--- Collected material ---
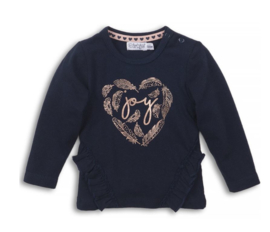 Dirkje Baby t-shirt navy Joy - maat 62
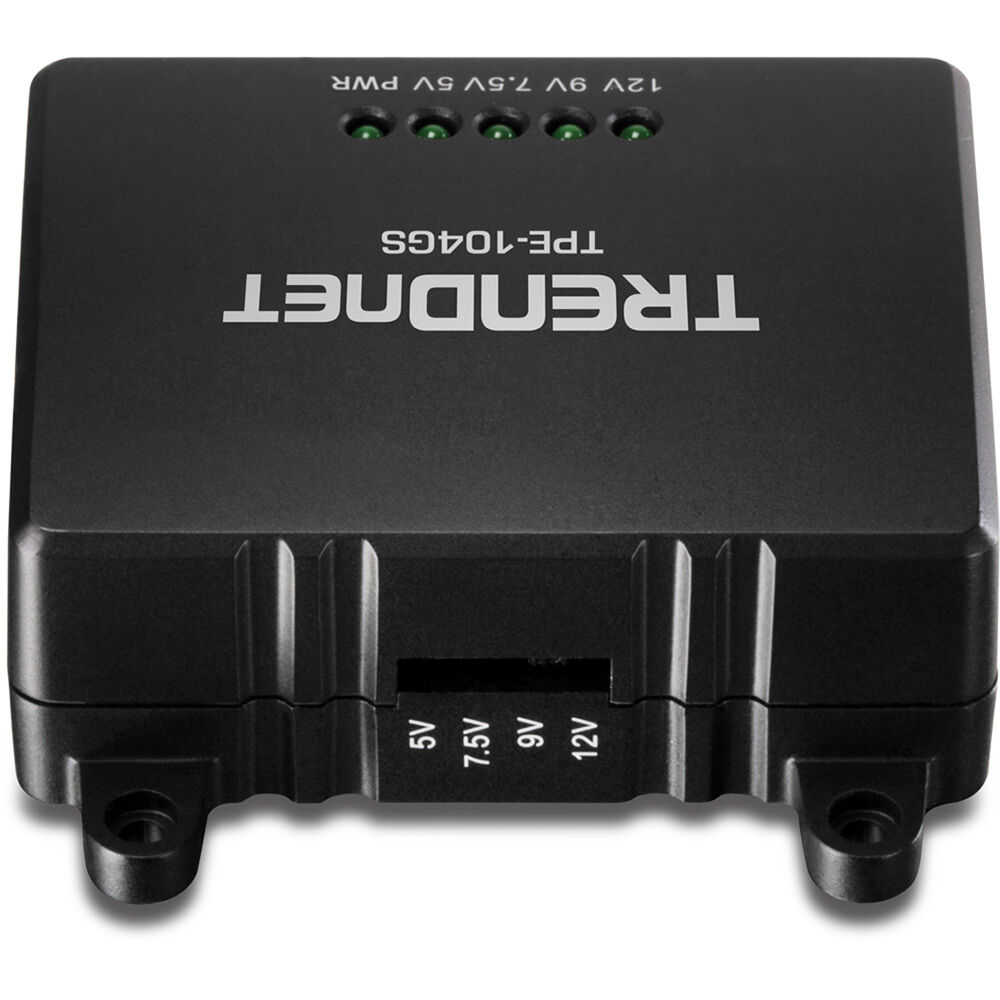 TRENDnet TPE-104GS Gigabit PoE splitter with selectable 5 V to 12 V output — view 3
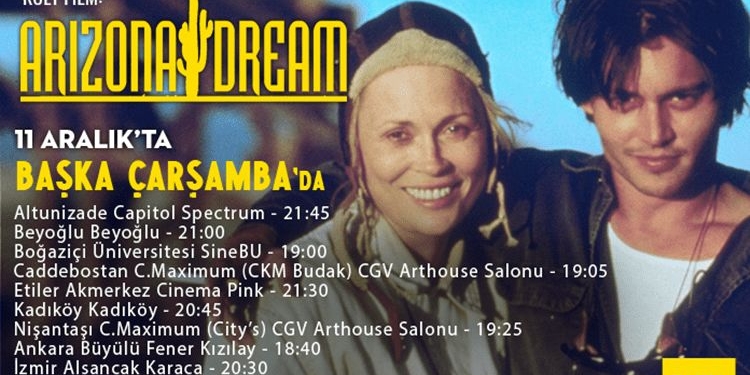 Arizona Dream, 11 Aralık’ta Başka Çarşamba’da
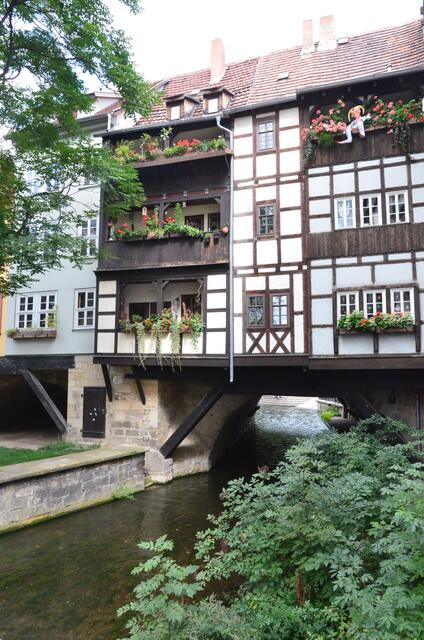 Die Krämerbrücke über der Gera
---
* _Task goal_
All lines from the one containing "Arizona Dream, 11" through the end of the data are to be written out exactly, with nothing added; skip the pictures.

* _Answer to this exercise_
 Arizona Dream, 11 Aralık’ta Başka Çarşamba’da
 Die Krämerbrücke über der Gera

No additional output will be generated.